Case Western Reserve University School of Medicine, Cleveland, OH, USA.
Respir Med. 2011 Dec;105 Suppl 2:S18-23. doi: 10.1016/S0954-6111(11)70023-3.
Commercial availability of more than one inhaled antibiotic for the management of chronic Pseudomonas aeruginosa lung infections in persons with cystic fibrosis creates a welcome question: Can different inhaled therapies be combined to improve patient outcomes? Although clinicians intuit that antibiotic alternation might extend the duration of benefit, prospective clinical trials will be unable to test this hypothesis. Rather, endpoints acceptable for demonstrating the efficacy of a chronic pulmonary therapy (lung function improvement/stabilization, reduction in exacerbation risk, improvement in quality of life) can test only whether the benefit amplitude is increased during fixed treatment periods. Reduction in pulmonary exacerbation risk appears to be best suited for this task, although lack of consensus on an objective definition of exacerbation independent of the decision to treat is a shortcoming. The broader clinical question of whether a patient has become refractory to a chronic therapy over time would be better addressed with a carefully conducted withdrawal study.

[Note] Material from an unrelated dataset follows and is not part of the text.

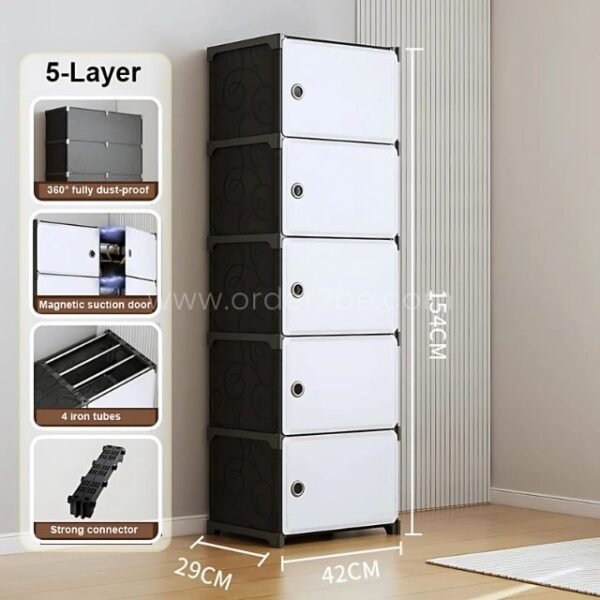 Close-up on the cabinet’s 5-layer build, magnetic doors, iron frame, and strong connectors.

商业上可获得多种吸入抗生素用于治疗囊性纤维化患者的慢性铜绿假单胞菌肺部感染,这引发了一个令人欢迎的问题:不同的吸入疗法能否联合使用以改善患者的结局?尽管临床医生直觉地认为抗生素的交替可能会延长获益的持续时间,但前瞻性临床试验将无法检验这一假说。相反,可接受的用于证明慢性肺部治疗(肺功能改善/稳定、减少恶化风险、提高生活质量)疗效的终点仅能检验在固定治疗期间获益幅度是否增加。减少肺部恶化风险似乎最适合这项任务,尽管缺乏独立于治疗决策的恶化的客观定义的共识是一个缺点。随着时间的推移,患者是否对慢性治疗产生耐药性这一更广泛的临床问题,通过精心设计的停药研究可能会得到更好的解决。